Is My Tube Amp Unfixable? Help Needed


Hi All: It's been a while since I have posted, but I am posting now because I need advice from those who may have experienced something similar. I really am in a tough spot with a tube amp that it pains me to say I am tempted to literally throw away or give away. This is a long story, so grab a beer or cup of coffee:

In October 2020, I bought brand new Quicksilver Mono 120s...FANTASTIC sounding amps, btw, and the third pair of Quicksilver monos I've owned (I also own their line stage preamp). Immediately, the left channel amp began emitting static pops and crackly, intermittent noise...low level but loud enough to hear from my listening position 8 ft. away. After painstakingly exhausting every possible source of noise (power tubes, driver tubes, speaker, preamp, interconnects, iPhone, CD player, electrical socket, power cords, etc), I called Quicksilver and was told to send the amp back...could be a bad resistor but now sure. Quicksilver looked it over and determined that it was working perfectly...no noise. I got it back 3 weeks later and...same exact noise. Several months later, I called QS and explained the situation in detail. They said to send it back a second time with the tubes I was using. Again, I shipped it back, and Mike Sanders did a very, very thorough check of the amp. He called me to discuss, and the verdict was the amp was exhibiting no noise and working perfectly. I got it back and yep...the same noise with the same exact tubes Mike had. In addition, UPS had dropped the box so hard in transit that when I received it from QS, 2 of the 3 binding posts has completely sheared off and were rattling in the box.

So now I had a noisy amp the manufacturer could not diagnose and that was unusable. I was not going to send it back to QS a third time ($100 in shipping a pop), but I needed the binding posts repaired. So I drove it an hour to a local tube repair shop that specialized mainly in guitar amps but who told me he could work on it. And yes, you guessed it..."Your amp is working fine. We checked it out top to bottom, and no noise." $160 later for repaired binding posts, this amp is STILL noisy and actually worse than ever. Btw, I have since moved to another state and set the amp up in a completely new place...same noise. 

So, I have a $2,000 amp that I cannot use and apparently no one can repair, and I am at my wits end. Btw, the amp is still under warranty, but QS no longer makes the Mono 120s, so they cannot swap it out for a new one. Do I simply just keep shipping this amp to random repair shops only to hear "it's working fine," or do I literally throw it away?

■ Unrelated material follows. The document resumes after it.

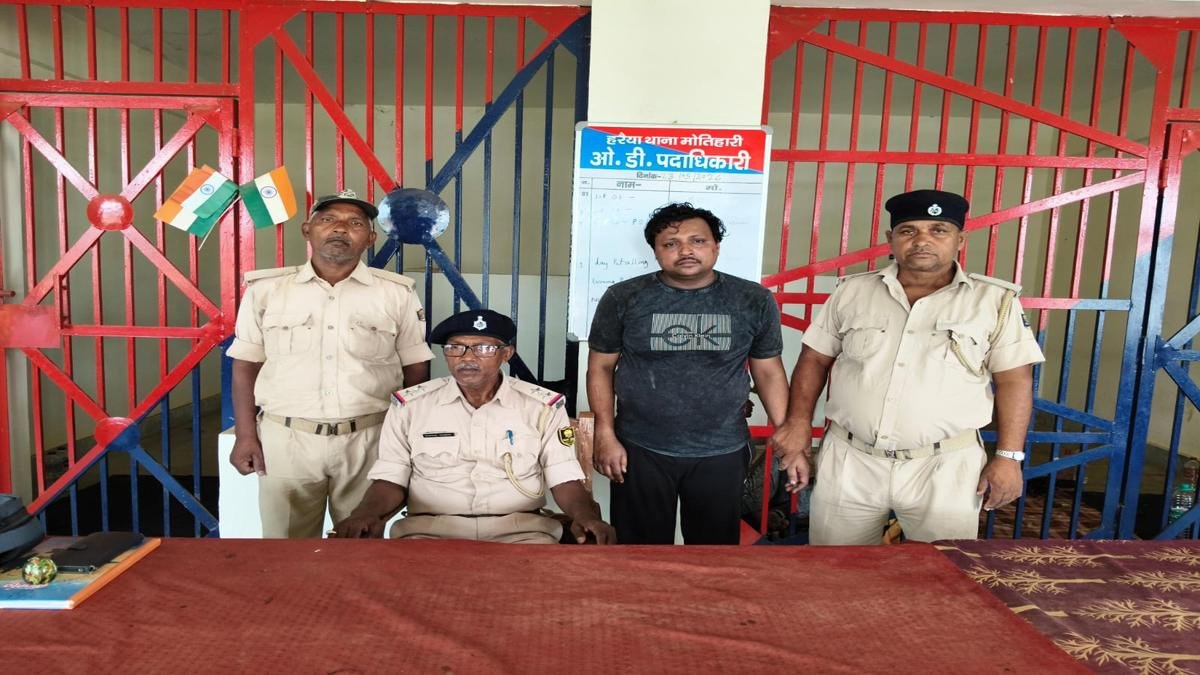 Motihari Police 2 3 22Scope News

Audiogon, I need your advice.

bojack

Bojack if the noise is gone without the 12au7 that tube probably has a dirty tube pin that can cause serious noise.

Again, waiting for Ralph.  But along the lines of @jond's train of thought, I've had more than one tube which did not function correctly, and I VERY slightly and gently bend the pins one way and the other to ensure a solid contact, and it worked every time.  Also, with a light gauge sandpaper gave the pins a couple of swipes.  Wiped them clean and voila.

Replace the output tube with a known good & then work your way back. It's also possible the tube sockets are wonky. Clean them with a drop of deoxit sprayed on a periodontal brush. Also clean the pins. Good luck.

OK, now we are getting somewhere because without the input tube (12AU7), the noise has vanished...gone. So Ralph, I'm assuming a good tech would simply check for bad components in the input stage? And I'm guessing this also eliminates things like the big filter caps, coupling caps, etc? 

@bojack Good work. Now we know the problem is associated with the input section. The big filter caps are likely off the hook. A loose connection is entirely possible so that should not be ignored.

If this amp is handwired (and as best I can make out, it is) then the thing to ask a local tech to look for is stopping resistors on each section of the socket of that 12AU7 (pins 2 and 7, for those keeping track). Loose solderjoints could also be an issue. But I doubt that on account of the amp has done some traveling so that should have shown up, but intermittents being the way they are, the are far more likely to show up in the customer's home than on the bench. 

If you can remove the bottom cover of both amps and place them side by side with the bottom facing you, the good amp can be a map of what the bad amp should look like inside. So you can look for differences between the two channels on that 12AU7 socket. You don't need to poke about the amp- this is just observing what is there.

Thanks to all for your suggestions, and Ralph, you are my new hero, seriously. Thank you! I really love the amp and did not want to do something nuts (i.e. toss it), so I think a solution is in sight now.